The eCall system aims to improve road safety by automatically communicating with the emergency services in the event of an accident, even if the driver and passengers are unable to speak due to injury.
When an airbag is deployed, the system automatically calls ‘112’, the international emergency contact number. A wireless Cinterion machine identification module (MIM) then transfers information between two modems, which includes the vehicle’s exact location and registration details.
By doing so, the emergency-response times can be significantly reduced, particularly to incidents in remote locations where times can be cut by up to 50 per cent.
Tests were carried out on the InnovITS ADVANCE track at MIRA because it has several of its own private networks that can be manipulated to replicate the network environments of everything from city centres to remote woodlands where GPS and mobile signal fails.
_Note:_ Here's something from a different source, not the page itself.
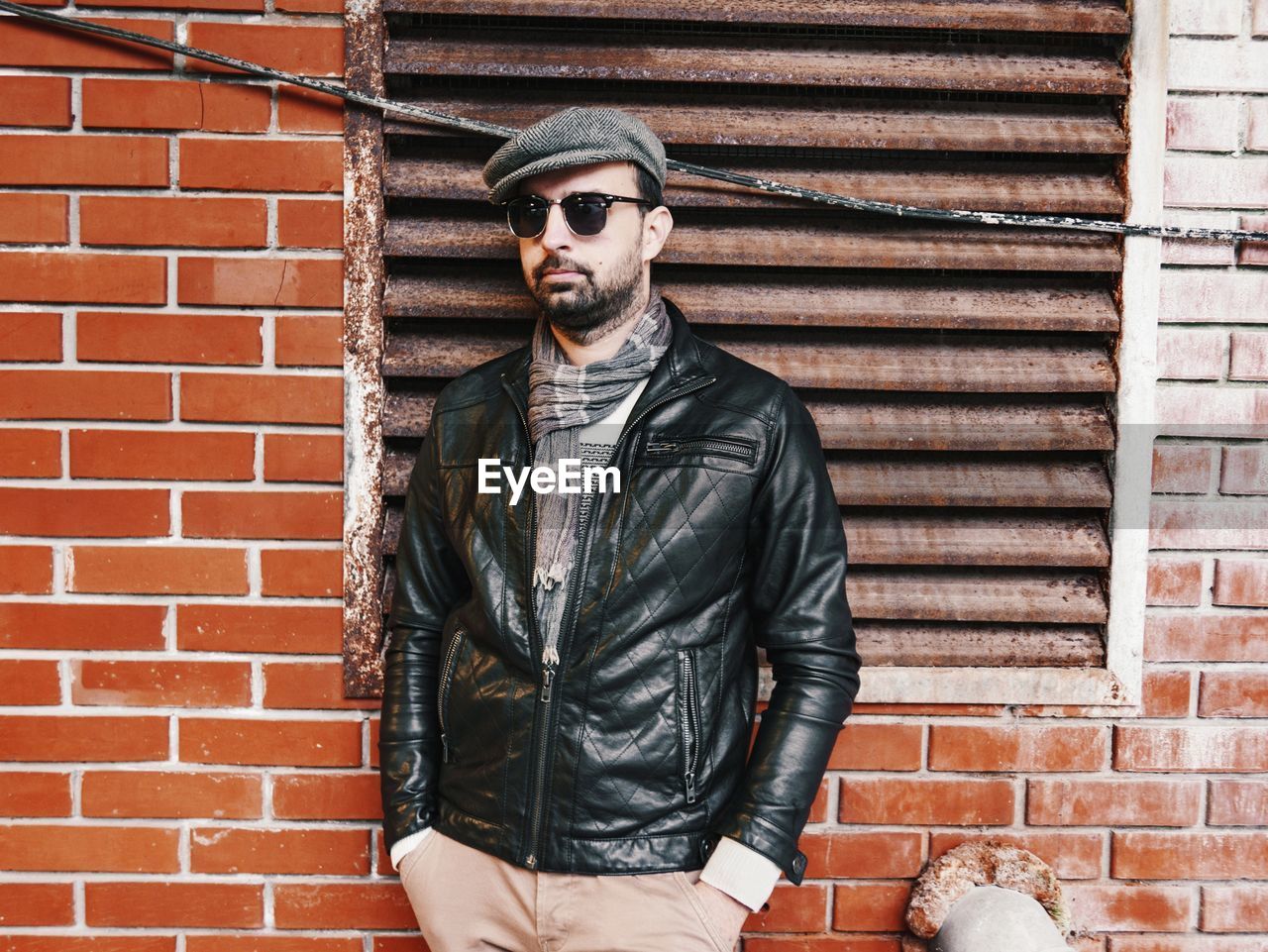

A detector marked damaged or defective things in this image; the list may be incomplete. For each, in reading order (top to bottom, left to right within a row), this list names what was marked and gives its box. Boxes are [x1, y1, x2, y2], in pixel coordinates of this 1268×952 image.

rusty metal louver vent [347, 1, 1130, 699]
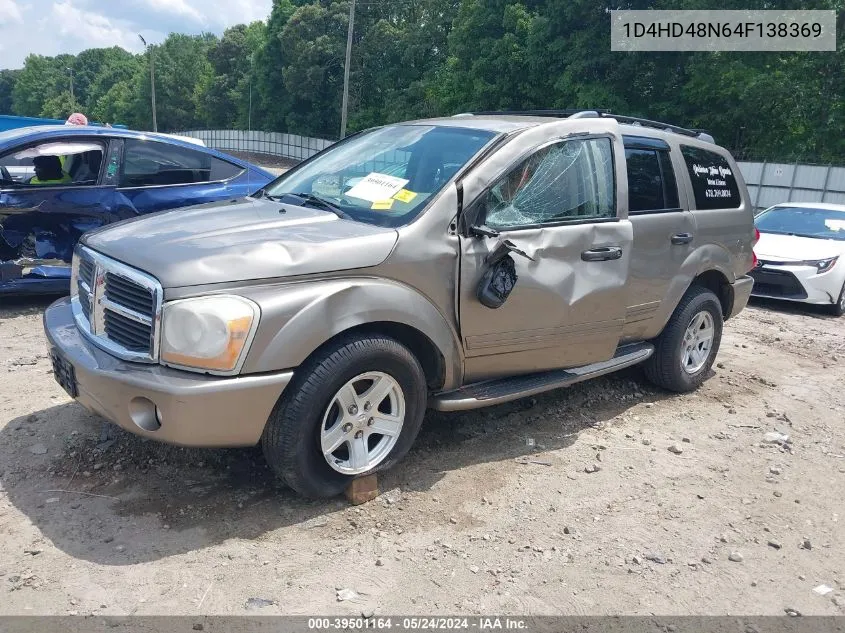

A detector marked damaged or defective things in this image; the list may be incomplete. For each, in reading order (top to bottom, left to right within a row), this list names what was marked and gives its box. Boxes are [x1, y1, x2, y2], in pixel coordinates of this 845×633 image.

‘You don’t have to look for that special hill with a bit of forest about 100 miles away,’ said Phil Pettitt, chief executive officer of InnovITS, adding: ‘The tests were done over a private network so nobody was worried about these messages leaking out and all of a sudden getting the emergency services on site.’
The team achieved an 88.8 per cent success rate based on 546 independent tests.
While 24 signaturies have signed a memorandum of understanding to further advance eCall, there are still three countries that have not, including Poland, France and the UK. A recent survery by the AA found that 72 per cent of people in the UK would like to have eCall technology in their cars.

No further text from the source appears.